The increase in loan reserves is driven by card, mortgage and retail lending, the Minneapolis-based super-regional bank said in an investor presentation. U.S. Bancorp sees its reserve-to-loan ratio increasing to between 1.90% and 2.0% from 1.53% as of the second quarter of 2019, and with that, it expects to make more loan loss provisions in the future.
U.S. Bancorp also expects CECL to reduce its capital by 25 basis points to 35 basis points upon adoption of the new accounting standard, which requires banks to make loan loss provisions at origination instead of when a loss is likely to occur.

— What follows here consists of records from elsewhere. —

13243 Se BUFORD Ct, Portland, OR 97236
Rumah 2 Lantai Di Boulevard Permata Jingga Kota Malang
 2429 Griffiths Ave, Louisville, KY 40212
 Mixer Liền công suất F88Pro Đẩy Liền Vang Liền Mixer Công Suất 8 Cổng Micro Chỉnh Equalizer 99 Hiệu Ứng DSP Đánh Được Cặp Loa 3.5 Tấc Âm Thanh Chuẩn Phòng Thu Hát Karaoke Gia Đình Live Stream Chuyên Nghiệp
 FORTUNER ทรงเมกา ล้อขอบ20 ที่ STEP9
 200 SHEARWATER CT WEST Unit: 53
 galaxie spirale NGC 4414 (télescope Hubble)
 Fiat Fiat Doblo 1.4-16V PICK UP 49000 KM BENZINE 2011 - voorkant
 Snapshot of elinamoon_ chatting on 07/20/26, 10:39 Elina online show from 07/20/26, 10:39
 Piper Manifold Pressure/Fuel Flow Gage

The company also issued its revised long-term growth expectations, with forecasts lower than the guidance given in 2016. It expects revenue to grow 5% to 7% in the long term, down from 6% to 8%, and it forecasts net income growth to slow down to a range of 5% to 7% from 6% to 8%. EPS growth is also expected to slow down to a range of 7% to 10% from 8% to 10%. U.S. Bancorp sees expense growth slowing down to a range of 2% to 4% from 3% to 5%. The revised growth expectations represent the end of a three-year period.
The revised forecasts are based on several economic assumptions, such as the unemployment rate hovering around 3.5% to 4%, GDP growth of 1.5% to 2.0%, the Federal Reserve cutting rates to 1.50% by early 2020, adoption of CECL, low inflation, stable consumer confidence and stable credit quality.
The company did not revise its long-term guidance on return on assets, return on tangible common equity and efficiency ratio. U.S. Bancorp increased its long-term forecast on return on equity to 14.5% to 17.5% from 13.5% to 16.5%.